Martin Scorsese is familiar with the rock music of his generation, and he's been no stranger to using it in his movies. As with many of his films, rock-and-roll can be frenetic, loud, and often wonderfully seductive. It's kind of surprising that it took so many years for Scorsese to team with the iconic Rolling Stones for a concert film. The Stones have been rocking for so many years with daring riffs and fast playing, pairing with Scorsese seems like a given.

"Rolling Stones: Shine A Light" is now available on Blu-ray disc.

Concert films are usually hard to watch. See concert. See band mates interviewed. See archival footage. See more concert footage. Unless you're a fan of the group in question, concert films are usually dull to watch. There have been exceptions. "Stop Making Sense" (1985) is pretty incredible. "U2: Rattle and Hum" (1988) was fairly slow going, but some of the concert footage was well done. Now with Scorsese behind the camera and taking in the Stones, we have a very good concert film. Not much is original. We've heard most of the Stones' songs hundreds, if not thousands, of times. The flying cameras and Scorsese's fast moviemaking style is familiar. What is likable about "Shine A Light" is the energy of the film. It's also nice to see the Stone's being themselves. Outrageously famous and rich, the Stones come across as normal "blokes."

The film offers some excellent performances from the Stones. Mick Jagger's voice has changed a bit over the years, but he still has the power to captivate the audience. Keith Richards still is amazing on guitar and just looks cool. Ronny Wood and Bill Wyman are at their best.

The film seems a little bit set-up with the footage of Scorsese worrying about how he's going to coordinate the film with the Stones. It does give you a sense that even the authority of Scorsese still has to work around the Stones, and perhaps not the other way around. 

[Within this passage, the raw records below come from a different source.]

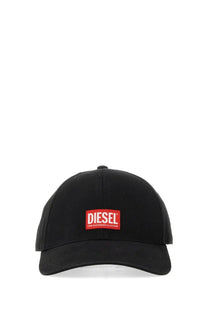 Diesel men’s black diesel baseball hat featuring a red rectangular fabric logo patch with white lettering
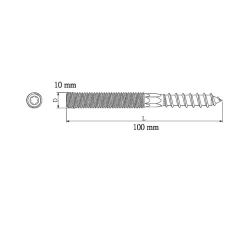 Vis à double filetage (métal/bois) 10x100 zingués mm - 5 pièces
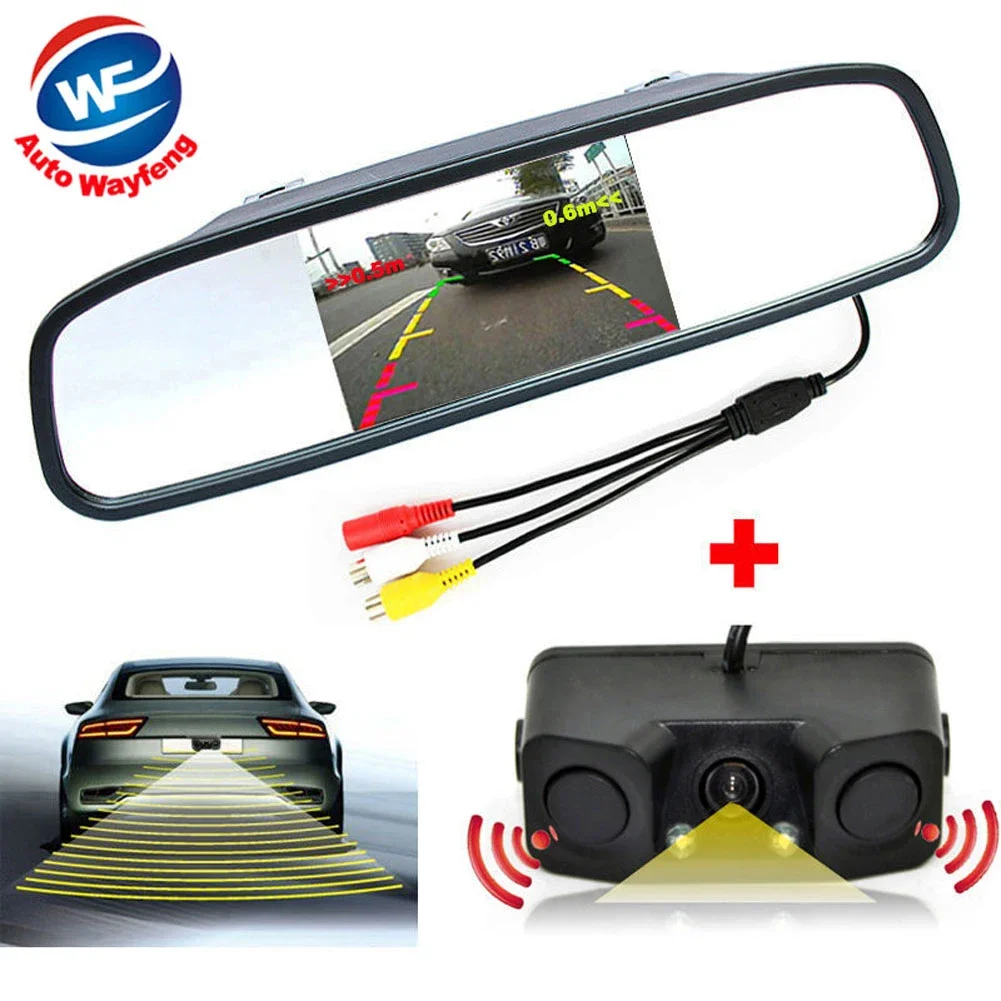 3 in1 Video-Parkas sistenz sensor Backup-Radar mit Rückfahr kamera 4,3 Zoll LCD-Auto Rückspiegel Monitor Video parkplatz
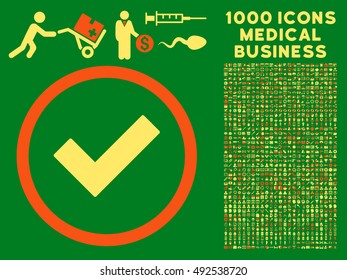 Orange And Yellow Accept vector bicolor rounded icon. Image style is a flat icon symbol inside a circle, green background. Bonus set is 1000 medicine business design elements.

"Shine A Light" is pretty much aimed at Stones fans, but that shouldn't stop non-Stones fans from buying the Blu-ray disc for demo material. This is one you can turn up and probably not annoy your Baby Boomer parents. Well, except for mine who never got into the rock scene of the 1960s for some reason. If you love good old rock-and-roll, this disc is a real treat. I particularly enjoyed the two-channel PCM mix. I know -- it goes against home theater thinking that anything under 5.1 channels is blasphemy. But the PCM mix sounds incredible and natural. The audio is nicely staged between two speakers. The Dolby TrueHD and DTS-Master Audio mixes are very good if you really want to utilize your surround sound system, which I'm sure most people do.

The picture quality is top-notch. Robert Richardson, ASC looks like he used a few different film formats and film stocks to go from grainy black-and-white to crisp color. Some infrared video cameras to capture the director putting the film together.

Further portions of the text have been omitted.